The Origin of Species
A modern anti-malware-focused security suite isn’t
quite so wide-ranging in the programmatic elements it incorporates.
Nevertheless, it includes layers of generic protection that go far beyond
signatures (even generic signatures). They have evolved into very different
generations of product, incorporating technologies that didn’t exist when the
first security products were launched. To talk about newcomers to the market as
if they alone are ‘the next generation’ that goes beyond primitive
signature-specific technology is misconceived and utterly misleading.

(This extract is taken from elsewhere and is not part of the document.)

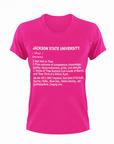 Hot pink youth crew-neck T-shirt with white Jackson State University text graphic on chest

Signatures? What signatures?
Nowadays, even modern, commercial single-layer
anti-malware scanners go far beyond looking for specific samples and simple
static signatures. They augment detection of known, hash-specific families of
malware with the inclusion of elements of whitelisting, behavior analysis,
behavior blocking, and change-detection (for instance) that were once
considered to be pure ‘generic’ technologies. Not that I recommend in general
that people should rely totally on a single-layer scanner such as those often
offered for free by mainstream companies: they should be using other ‘layers’
of protection as well, either by using a commercial-grade security suite, or by
replicating the multi-layered functionality of such a suite, while using
components drawn from a variety of sources, including a single-layer
anti-malware scanner. However, the latter approach requires a level of
understanding of threat and security technologies that most individuals don’t
have. Come to that, not all organizations have access to such a knowledgeable
resource in-house, which leaves them potentially at the mercy of marketing masquerading
as technical advice.
Back to basics
“It’s clear that the
distinctions between ‘fossilized’ and ‘next-gen’ products are often
terminological rather than technological.”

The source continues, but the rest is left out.